Task description: Nothing is needed except the lines below that run from the one with "- Horloge murale" through the one with "Replica Rolex Day-Date", repeated exactly.

··· Records to use ···

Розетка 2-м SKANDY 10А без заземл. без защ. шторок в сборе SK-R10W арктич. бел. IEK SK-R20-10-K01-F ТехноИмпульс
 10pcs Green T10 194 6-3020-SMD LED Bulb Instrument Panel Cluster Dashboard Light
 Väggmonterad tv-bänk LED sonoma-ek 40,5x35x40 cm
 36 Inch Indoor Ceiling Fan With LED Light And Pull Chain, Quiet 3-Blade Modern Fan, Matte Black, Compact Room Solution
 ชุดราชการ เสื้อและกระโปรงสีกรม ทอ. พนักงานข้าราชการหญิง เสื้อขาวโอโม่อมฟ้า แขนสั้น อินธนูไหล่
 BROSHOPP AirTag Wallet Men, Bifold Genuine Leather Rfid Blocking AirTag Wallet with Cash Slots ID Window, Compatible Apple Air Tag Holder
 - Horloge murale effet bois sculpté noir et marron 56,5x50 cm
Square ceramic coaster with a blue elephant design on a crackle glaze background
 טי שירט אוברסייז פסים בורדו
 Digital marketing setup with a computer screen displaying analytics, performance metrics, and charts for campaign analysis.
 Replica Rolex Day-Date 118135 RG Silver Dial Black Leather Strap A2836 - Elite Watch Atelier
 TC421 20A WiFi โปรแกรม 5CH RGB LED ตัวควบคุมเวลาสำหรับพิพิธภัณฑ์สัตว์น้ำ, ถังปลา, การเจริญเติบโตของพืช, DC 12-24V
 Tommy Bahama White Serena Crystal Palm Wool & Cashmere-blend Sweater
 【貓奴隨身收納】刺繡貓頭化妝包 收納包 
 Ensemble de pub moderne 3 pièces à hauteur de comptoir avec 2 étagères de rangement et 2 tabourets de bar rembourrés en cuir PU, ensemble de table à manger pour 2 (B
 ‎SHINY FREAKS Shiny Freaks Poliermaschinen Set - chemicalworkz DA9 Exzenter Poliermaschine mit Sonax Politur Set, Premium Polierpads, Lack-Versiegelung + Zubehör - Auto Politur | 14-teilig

···

Task response:
 - Horloge murale effet bois sculpté noir et marron 56,5x50 cm
Square ceramic coaster with a blue elephant design on a crackle glaze background
 טי שירט אוברסייז פסים בורדו
 Digital marketing setup with a computer screen displaying analytics, performance metrics, and charts for campaign analysis.
 Replica Rolex Day-Date 118135 RG Silver Dial Black Leather Strap A2836 - Elite Watch Atelier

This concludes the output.